Police halt 15 million yuan online trading scam

Two companies based in Nanjing allegedly traded within their own accounts to illegally shoot up stock prices and then defrauded investors to buy while they sold.

Forty-five suspects have been netted in an online commodity trading fraud case involving 15 million yuan (US$2.26 million), Shanghai police said on Thursday.

The suspects, based in Nanjing, Jiangsu Province, allegedly rigged transactions of red wine on a commodity trading platform and caused millions in losses for investors.

Investigations began in August in Jinshan District, where one of the victims reported to police that he had lost 180,000 yuan on the online platform.

The victim, a man surnamed Li, said he made several profitable investments using the platform under the guidance of its “customer service” staff, and was then enticed to invest even more money. 

But he soon made a huge loss because the commodities were locked in "limit-down", which means that he couldn’t sell them anymore.

Ti Gong / SHINE

The trading interface on the online commodity trading platform.

Police found that the “customer service” Li communicated with was actually another company trading on the platform with suspicious trading records.

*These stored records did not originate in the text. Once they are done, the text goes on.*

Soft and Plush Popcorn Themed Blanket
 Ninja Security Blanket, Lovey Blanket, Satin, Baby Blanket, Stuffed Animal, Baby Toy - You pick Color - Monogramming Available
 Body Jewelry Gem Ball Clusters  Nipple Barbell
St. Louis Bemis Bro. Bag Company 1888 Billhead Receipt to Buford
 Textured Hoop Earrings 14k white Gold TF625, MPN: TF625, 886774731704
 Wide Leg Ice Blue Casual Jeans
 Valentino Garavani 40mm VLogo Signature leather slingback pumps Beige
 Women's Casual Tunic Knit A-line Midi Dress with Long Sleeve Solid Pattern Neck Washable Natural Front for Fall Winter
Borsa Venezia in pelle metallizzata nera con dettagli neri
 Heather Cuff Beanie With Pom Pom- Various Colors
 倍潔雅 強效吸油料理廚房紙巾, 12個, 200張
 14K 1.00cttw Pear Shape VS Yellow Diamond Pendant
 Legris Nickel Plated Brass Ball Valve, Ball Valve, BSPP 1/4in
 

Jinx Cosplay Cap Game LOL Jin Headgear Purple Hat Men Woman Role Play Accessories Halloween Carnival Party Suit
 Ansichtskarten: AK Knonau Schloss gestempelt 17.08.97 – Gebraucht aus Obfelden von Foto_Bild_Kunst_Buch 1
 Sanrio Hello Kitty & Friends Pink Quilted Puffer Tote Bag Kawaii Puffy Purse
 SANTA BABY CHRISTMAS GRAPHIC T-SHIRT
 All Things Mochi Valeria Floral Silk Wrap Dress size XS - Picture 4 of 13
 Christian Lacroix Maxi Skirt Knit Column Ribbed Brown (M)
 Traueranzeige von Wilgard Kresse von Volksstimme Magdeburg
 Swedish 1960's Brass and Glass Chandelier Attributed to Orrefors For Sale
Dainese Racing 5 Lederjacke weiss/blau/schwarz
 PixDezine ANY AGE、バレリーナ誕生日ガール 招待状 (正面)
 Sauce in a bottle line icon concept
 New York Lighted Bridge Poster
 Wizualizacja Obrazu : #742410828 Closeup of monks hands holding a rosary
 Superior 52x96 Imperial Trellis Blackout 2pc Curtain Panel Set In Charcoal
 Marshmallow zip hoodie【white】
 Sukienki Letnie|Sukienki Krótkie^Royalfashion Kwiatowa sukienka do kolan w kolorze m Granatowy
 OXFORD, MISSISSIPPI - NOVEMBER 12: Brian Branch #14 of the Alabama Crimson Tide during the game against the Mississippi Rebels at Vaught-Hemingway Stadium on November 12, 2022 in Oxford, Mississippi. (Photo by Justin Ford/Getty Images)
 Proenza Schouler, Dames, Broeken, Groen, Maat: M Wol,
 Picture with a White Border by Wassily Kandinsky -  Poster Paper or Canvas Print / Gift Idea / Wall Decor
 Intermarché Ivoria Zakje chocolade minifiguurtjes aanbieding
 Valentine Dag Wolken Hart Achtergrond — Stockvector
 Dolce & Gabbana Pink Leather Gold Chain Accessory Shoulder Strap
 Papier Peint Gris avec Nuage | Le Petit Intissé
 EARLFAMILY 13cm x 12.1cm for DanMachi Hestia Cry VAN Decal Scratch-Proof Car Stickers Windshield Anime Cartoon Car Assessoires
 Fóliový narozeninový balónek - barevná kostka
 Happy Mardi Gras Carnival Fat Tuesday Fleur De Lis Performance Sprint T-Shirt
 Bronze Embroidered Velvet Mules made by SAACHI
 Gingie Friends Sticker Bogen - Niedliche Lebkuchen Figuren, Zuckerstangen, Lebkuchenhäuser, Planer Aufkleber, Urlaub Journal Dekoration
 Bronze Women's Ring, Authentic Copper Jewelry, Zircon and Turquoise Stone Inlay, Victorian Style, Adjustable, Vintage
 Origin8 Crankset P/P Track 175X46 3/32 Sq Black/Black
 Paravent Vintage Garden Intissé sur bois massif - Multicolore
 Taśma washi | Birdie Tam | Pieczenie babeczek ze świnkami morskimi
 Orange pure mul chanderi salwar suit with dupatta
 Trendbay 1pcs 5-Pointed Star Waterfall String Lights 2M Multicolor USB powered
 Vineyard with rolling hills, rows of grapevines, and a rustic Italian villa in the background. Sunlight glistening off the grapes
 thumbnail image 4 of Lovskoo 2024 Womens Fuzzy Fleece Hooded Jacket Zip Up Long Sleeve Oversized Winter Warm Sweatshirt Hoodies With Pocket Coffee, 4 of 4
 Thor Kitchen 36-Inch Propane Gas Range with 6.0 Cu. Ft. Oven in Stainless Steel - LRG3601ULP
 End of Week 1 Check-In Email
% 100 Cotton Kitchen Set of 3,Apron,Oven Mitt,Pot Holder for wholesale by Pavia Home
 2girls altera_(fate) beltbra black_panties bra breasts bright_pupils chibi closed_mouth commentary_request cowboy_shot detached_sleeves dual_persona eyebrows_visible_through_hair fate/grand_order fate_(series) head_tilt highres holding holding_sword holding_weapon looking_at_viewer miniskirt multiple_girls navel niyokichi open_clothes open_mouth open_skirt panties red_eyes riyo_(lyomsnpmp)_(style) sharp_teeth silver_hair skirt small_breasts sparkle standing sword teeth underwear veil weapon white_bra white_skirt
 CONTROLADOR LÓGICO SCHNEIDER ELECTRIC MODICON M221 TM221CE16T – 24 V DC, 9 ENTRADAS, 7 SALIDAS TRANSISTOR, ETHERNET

That company and another one, controlled by three major suspects surnamed Zhao, Xu and Han, allegedly traded within their own accounts to shoot up the prices of a red wine brand, and then defrauded investors to buy while they sold.

At lower prices the companies would buy again, shoot up the prices and then dump the “shares” on defrauded investors, police said.

It worked just like a stock market, but the platform had made all member traders sign a contract which banned them from rigging transactions, according to the police.

The companies hired a large number of people to work as “customer service” to approach investors, police said.

The gang was rounded up from three locations in Nanjing last month.

Ti Gong / SHINE

Shanghai police, together with their Nanjing colleagues, raided the companies in Nanjing last month.